Pictures with short captions

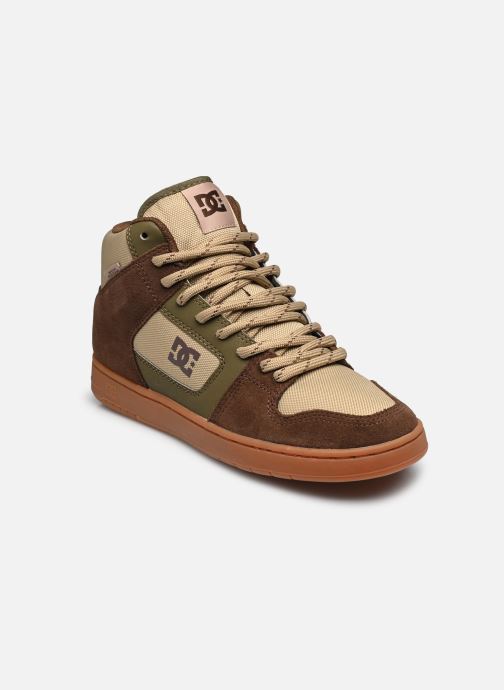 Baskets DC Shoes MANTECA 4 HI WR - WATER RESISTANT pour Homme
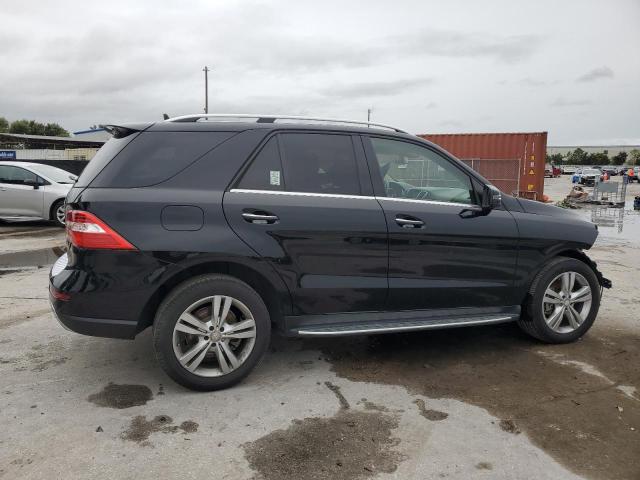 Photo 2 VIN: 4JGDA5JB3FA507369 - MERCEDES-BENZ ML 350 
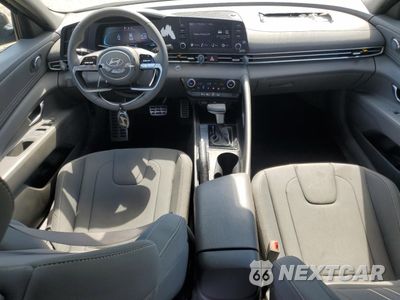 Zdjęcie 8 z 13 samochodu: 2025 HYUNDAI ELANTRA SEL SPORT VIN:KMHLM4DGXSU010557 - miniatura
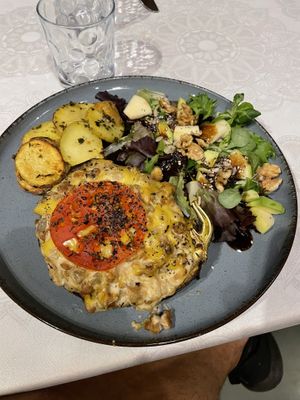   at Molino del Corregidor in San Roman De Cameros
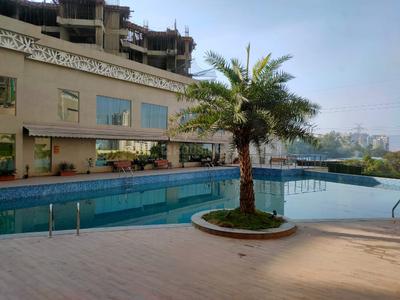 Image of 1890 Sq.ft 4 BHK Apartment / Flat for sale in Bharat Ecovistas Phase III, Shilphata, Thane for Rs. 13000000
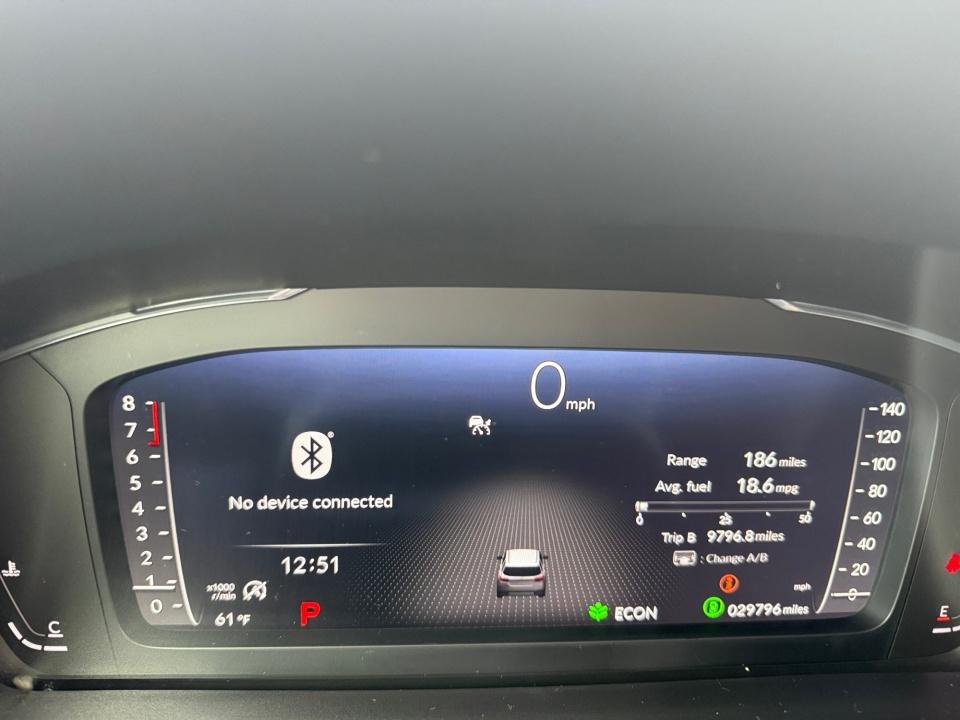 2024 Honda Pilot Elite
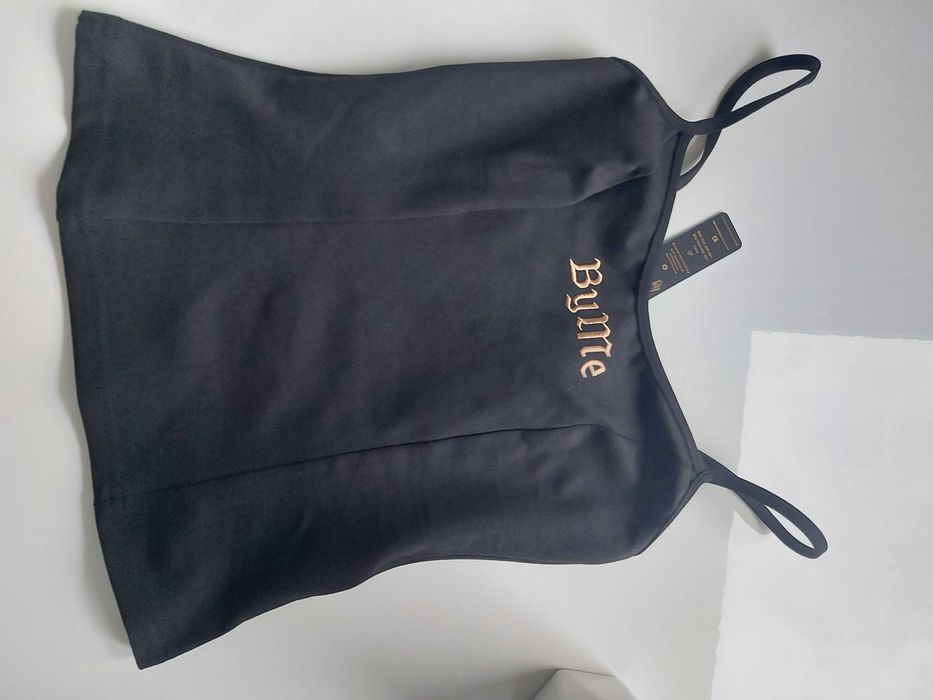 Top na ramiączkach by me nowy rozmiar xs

### Problem
Give again, exactly, the lines from the start of the data through the one holding "at Molino del"; omit the pictures.

### Response
 Baskets DC Shoes MANTECA 4 HI WR - WATER RESISTANT pour Homme
 Photo 2 VIN: 4JGDA5JB3FA507369 - MERCEDES-BENZ ML 350 
 Zdjęcie 8 z 13 samochodu: 2025 HYUNDAI ELANTRA SEL SPORT VIN:KMHLM4DGXSU010557 - miniatura
   at Molino del Corregidor in San Roman De Cameros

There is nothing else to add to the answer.